The money has to come from somewhere. Either way tax everyone and redistribute the monies to pay for services, or we charge people for using them. In my opinion, whenever it is realistic and feasible, we should pay for what we use (i.e., city dwellers should not subsidize suburban highways and suburbanites should not subsidize the 77 Belmont Bus). I know many people live in this world where we just need to form a Robin Hood society and have a public pot of money for everything, and this may work with some things, but that type of system for *everything*, which it sounds like you want, is intrinsically inefficient beacuse it requires bureacratic redistribution, politics and then there is the question of whose money is it really and who is accountable for it? Why do you think the CTA is in so much trouble? Mismanagement of *other* people's money and redestribution of your and my wealth in an inefficient manner while giving employees cushy pension plans and benefits that we continue to pay for with the *majority* of our fares.

But you seem to be reading someone else's message because I even specifically stated that things like education, that you mentioned, is not entirely realistic to self-fund and I specifically stated that I wouldn't cut funding for that nor many other government services so I don't know what you are exactly responding to.

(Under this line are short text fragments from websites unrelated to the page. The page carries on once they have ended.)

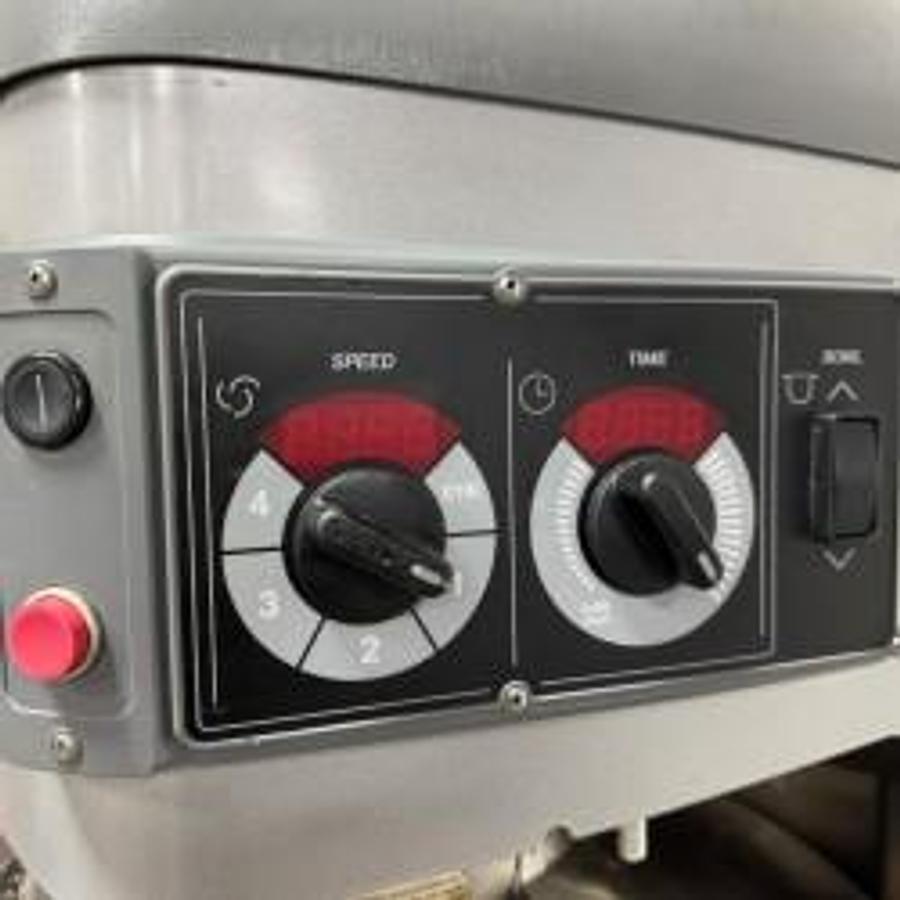 Used Hobart 140 Quart Mixer HL1400 With Bowl Guard and 80 Quart Step Down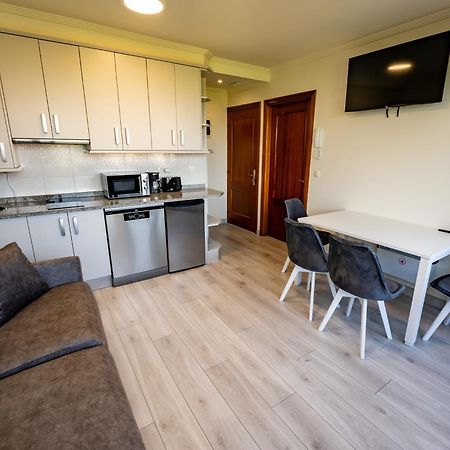 Apartamentos Turisticos Palacio De Meras ティネオ エクステリア 写真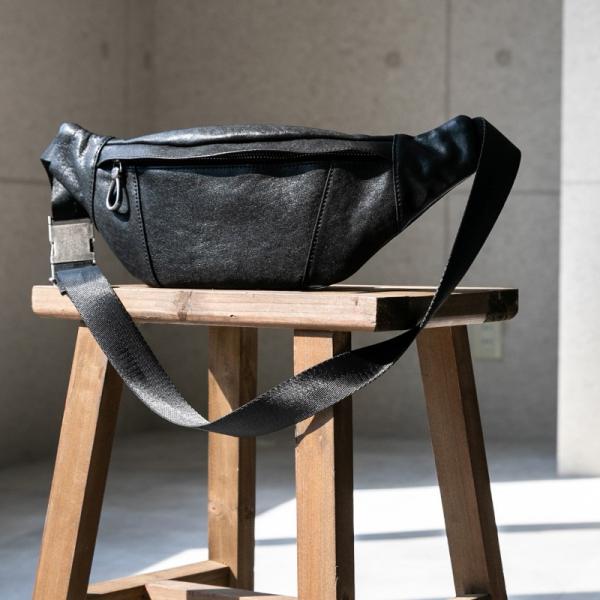 送料無料 ボディバッグ メンズ 商品 レディース 本革 ウエストポーチ おしゃれ カジュアル 革 買い物 お出かけ ユニセックス 372 牛革 レザー コンパクト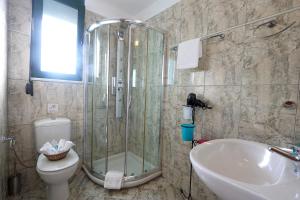 A bathroom at Golden Key Villas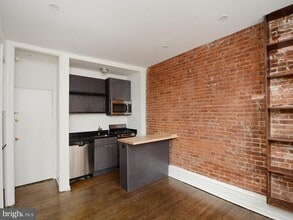 Building Photo - 1904 Spruce St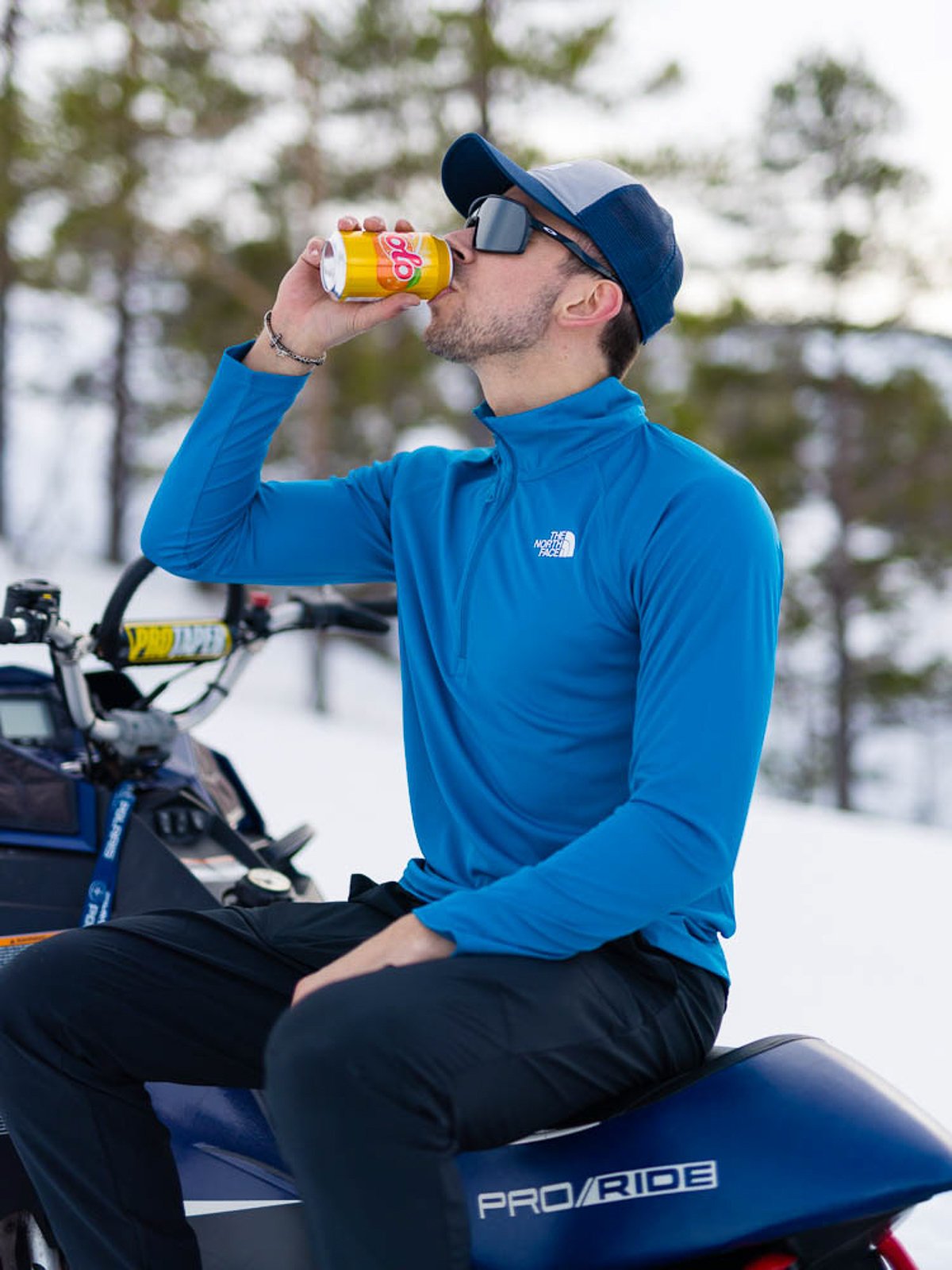 Oakley Sutro Polished Black / Brilleglassfarge: Prizm Black / Lysgjennomslipp: 11%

VivaLFuego Sep 6, 2007 12:26 AM

Quote:

Originally Posted by whyhuhwhy (Post 3048957)
ALL of these routes have been plenty adequate and have ALWAYS been faster than taking mass transit. I'm sorry but this is just the truth.<snip>
And owning a car already that's paid for and I can use for many other things besides just commuting, it's even cheaper to boot day-to-day (gas to Evanston or Downtown < CTA fare).

So I don't see why this is all even an issue for you. Just drive, since it's so much better for your lifestyle.